Şu Allah katından gelen ayetler... birer kanıttırlar... Kanıtlar doğru yolu gösterirler, insanı doğruya yöneltirler. Bu da aynen öyle... kanıttır... Doğru yolu göstermektedir. Kim görürse bu onun yararına olacaktır. Doğruluk ve aydınlık bulacaktır. Bunun da ötesinde körlükten başka bir şey yoktur. Bunca ayet ve kanıttan sonra, duyu organları iş görmez hale gelmiş, bilinci kapalı, vicdanı körelmiş kör kimseden başkası sapıklık üzere kalmakta ısrar etmez.

Hz. Peygamber (selâm üzerine olsun) böylelerinin işinden uzak olduğunu, onlardan sorumlu olmadığını duyurması için direktif verilmektedir.

"Ben sizin bekçiniz değilim."

Geçen ayette yer alan yüce Allah'ın sıfatına ilişkin şu ifade ile, "Gözler onu görmez. O bütün gözleri görür. O lâtiftir, haberdardır." Ardından gelen, "Rabbinizden size açık kanıtlar geldi. Kim görürse kendi lehine, kim körlük ederse kendi aleyhine davranmış olur" sözü arasındaki atmosfer, gölge ve ifade ahengi gözümüzden kaçmıyor. İfadede, "görülen kanıtlar", "gözler", "gören" ve "kör" kelimelerinin kullanılması da akışa müzikal bir aheng kazandırmaktadır.

ÇEŞİTLİ DELİLLER

Bundan sonra surenin akışı, Hz.

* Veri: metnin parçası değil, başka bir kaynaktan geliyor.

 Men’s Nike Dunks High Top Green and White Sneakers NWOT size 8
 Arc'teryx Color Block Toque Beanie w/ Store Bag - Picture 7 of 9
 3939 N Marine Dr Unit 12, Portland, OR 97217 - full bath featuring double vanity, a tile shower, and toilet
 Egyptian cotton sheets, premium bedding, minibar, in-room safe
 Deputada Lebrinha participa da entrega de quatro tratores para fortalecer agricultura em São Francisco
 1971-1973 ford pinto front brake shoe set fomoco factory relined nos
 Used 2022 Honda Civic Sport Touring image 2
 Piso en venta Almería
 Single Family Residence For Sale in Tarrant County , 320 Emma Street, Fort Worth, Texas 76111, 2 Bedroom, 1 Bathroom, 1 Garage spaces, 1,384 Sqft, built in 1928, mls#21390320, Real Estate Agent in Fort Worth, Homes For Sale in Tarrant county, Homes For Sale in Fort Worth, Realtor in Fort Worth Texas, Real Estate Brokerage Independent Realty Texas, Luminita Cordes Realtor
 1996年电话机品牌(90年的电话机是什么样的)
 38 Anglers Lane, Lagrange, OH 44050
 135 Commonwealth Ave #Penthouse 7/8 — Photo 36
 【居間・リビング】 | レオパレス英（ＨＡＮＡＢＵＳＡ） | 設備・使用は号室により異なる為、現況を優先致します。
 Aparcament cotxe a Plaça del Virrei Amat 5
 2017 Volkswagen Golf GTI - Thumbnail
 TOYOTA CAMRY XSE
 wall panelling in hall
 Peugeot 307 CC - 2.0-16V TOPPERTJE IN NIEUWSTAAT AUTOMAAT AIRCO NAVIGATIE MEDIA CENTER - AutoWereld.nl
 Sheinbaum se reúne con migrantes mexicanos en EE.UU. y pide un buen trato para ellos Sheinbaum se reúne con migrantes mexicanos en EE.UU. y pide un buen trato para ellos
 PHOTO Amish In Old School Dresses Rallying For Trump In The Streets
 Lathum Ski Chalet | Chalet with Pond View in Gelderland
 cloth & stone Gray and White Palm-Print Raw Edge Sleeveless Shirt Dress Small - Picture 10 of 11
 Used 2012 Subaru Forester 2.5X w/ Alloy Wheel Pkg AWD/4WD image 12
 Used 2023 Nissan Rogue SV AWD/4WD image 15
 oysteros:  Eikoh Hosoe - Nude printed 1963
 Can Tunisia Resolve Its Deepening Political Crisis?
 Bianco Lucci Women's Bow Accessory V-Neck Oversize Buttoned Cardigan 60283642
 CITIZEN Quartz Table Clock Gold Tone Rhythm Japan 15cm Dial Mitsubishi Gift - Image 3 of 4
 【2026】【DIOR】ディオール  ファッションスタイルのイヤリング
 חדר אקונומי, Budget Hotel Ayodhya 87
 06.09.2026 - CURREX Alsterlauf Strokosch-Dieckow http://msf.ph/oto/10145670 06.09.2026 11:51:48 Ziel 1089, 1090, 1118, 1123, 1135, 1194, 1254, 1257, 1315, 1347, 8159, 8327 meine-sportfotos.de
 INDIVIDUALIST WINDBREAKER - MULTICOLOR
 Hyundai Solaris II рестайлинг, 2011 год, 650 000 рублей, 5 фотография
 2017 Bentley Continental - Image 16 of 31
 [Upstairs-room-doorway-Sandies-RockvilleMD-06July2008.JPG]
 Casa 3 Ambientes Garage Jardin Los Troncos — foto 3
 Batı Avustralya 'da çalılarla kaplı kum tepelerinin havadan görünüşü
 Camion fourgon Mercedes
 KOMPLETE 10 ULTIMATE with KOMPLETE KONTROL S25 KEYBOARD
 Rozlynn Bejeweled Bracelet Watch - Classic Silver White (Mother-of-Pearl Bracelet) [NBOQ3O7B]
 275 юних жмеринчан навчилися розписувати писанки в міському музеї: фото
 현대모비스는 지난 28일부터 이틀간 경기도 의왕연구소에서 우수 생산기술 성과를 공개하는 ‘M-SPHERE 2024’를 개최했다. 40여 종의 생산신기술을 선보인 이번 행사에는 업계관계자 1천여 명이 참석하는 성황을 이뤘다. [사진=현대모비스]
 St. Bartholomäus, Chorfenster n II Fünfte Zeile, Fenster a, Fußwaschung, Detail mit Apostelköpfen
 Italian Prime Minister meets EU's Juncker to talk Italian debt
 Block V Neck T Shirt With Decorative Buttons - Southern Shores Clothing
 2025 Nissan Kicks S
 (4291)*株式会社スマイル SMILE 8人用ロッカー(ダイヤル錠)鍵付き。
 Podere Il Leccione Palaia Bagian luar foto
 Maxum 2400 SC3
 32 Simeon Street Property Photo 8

Peygambere (selâm üzerine olsun) yönelmekte ve ona evrende yer alan kanıtların bu kadar üstün bir düzeyde açıklanmasından söz etmektedir. Oysa bu düzey hiç de peygamberin ve içinde yaşadığı toplumun okur-yazar olmayışıyla bağdaşmamaktadır. Evrende yer alan bu kanıtların böylesine yüksek bir düzeyde ele alınması -sezme yetenekleri açık olanlar için- bu açıklamanın ilahî bir kaynaktan geldiğini göstermektedir. Buna rağmen müşrikler bu kanıtlarla ikna olmak istemezler. Bu yüzden; "inanç ve evrene ilişkin bu konuları Muhammed (selâm üzerine olsun) kitap ehli birinden öğrenmiştir" derlerdi. Ancak Muhammed (selâm üzerine olsun)'in söz konusu ettiği bu yüksek düzeyli açıklamaların, kitap ehli tarafından da bilinmediğini bilmiyorlardı. İnsanoğlunun şimdiye kadar bildiği ve bundan sonra bileceği tüm bilgilere rağmen, bütün yeryüzü, bu erişilmez düzeye hiçbir şekilde ulaşamamıştır, ulaşamayacak da. Bu yüzden Hz. Peygamber'e (salât ve selâm üzerine olsun) kendisine vahyedilene uy ve müşriklerden yüz çevirme direktifi verilmektedir.